Something whacked them from the right, then the left and the right … down to a stunning impact from below. Maybe she blacked out. She remembered Pilgrim’s voice right by her ear: “You sound alive. True?”
Oh, not a memory after all. “Yes,” she finally replied.
“Ha. Another perfect landing.”
“Are
you
okay, Pilgrim?”
The pack didn’t answer instantly. Members could take more bouncing around than adult humans, but a whole pack had more opportunity for individual bad luck. “Mostly,” he finally answered. “I think my Llr banged a foreleg.” Another hesitation. “Never mind that. We are safely down and well away from Choir sound.”
“But we didn’t make it to the swamps.”
“True.” He chuckled. “Even you could probably hear the difference. We’ve come down between rocky obstacles. We gotta get out and look around.” Some of him was already on the ground outside.
“Yeah.” Something was still holding her down. She thought muzzily for a second.
Oh.
She unclipped her restraints and crawled out into the rain. Pilgrim was right, they’d come down on something hard. Her hands felt around. There were shallow puddles, no mud. This might have been glacier-scoured rock or—her fingers found regular cracks—or flagstones. She stood up, the blood-warm rain soaking her.
She felt the pack clustering close around her shins. Pilgrim’s big one, Scarbutt, leaned comfortingly against her.
“Let’s see what’s left of the skiff.” A light came on, faintly silhouetting one of Pilgrim’s heads. The lamp was turned down and he held it in his jaws so the gleam was in one direction. Pilgrim swept the glow across the skiff while two of him nosed around in the wreckage, doubtless probing with sound. “Oh my,” he said, “flying this will be a challenge.”
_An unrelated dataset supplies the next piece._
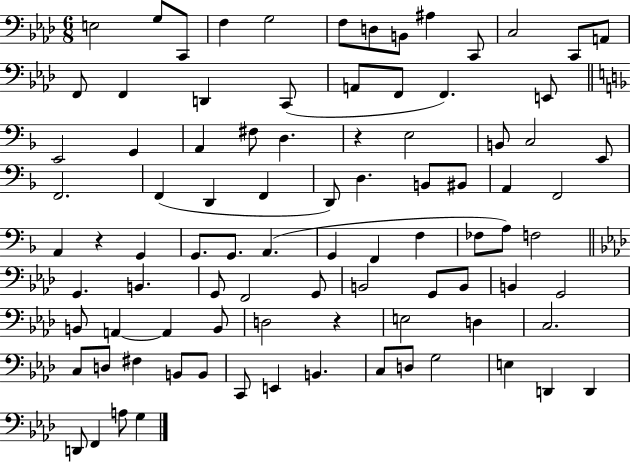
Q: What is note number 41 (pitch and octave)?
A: A2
The skiff had never been a beautiful thing, and over the years, Pilgrim’s repairs had made it motley. But now, the hull itself was cracked. The remaining agrav fabric strained upwards in ragged shreds.
Pilgrim abruptly doused his light. “I hear packs talking.” His voice was a focused whisper in her ear. She felt him press the light into her hand. “Use it just bright enough for your eyes.”
Johanna nodded. She made the light violet and so dim that she could barely see the ground below it. It should be invisible to whatever packs were out there. All of Pilgrim except Scar had crawled back into the skiff and was bringing out the emergency supply panniers. They had lived off that gear for tendays in the past.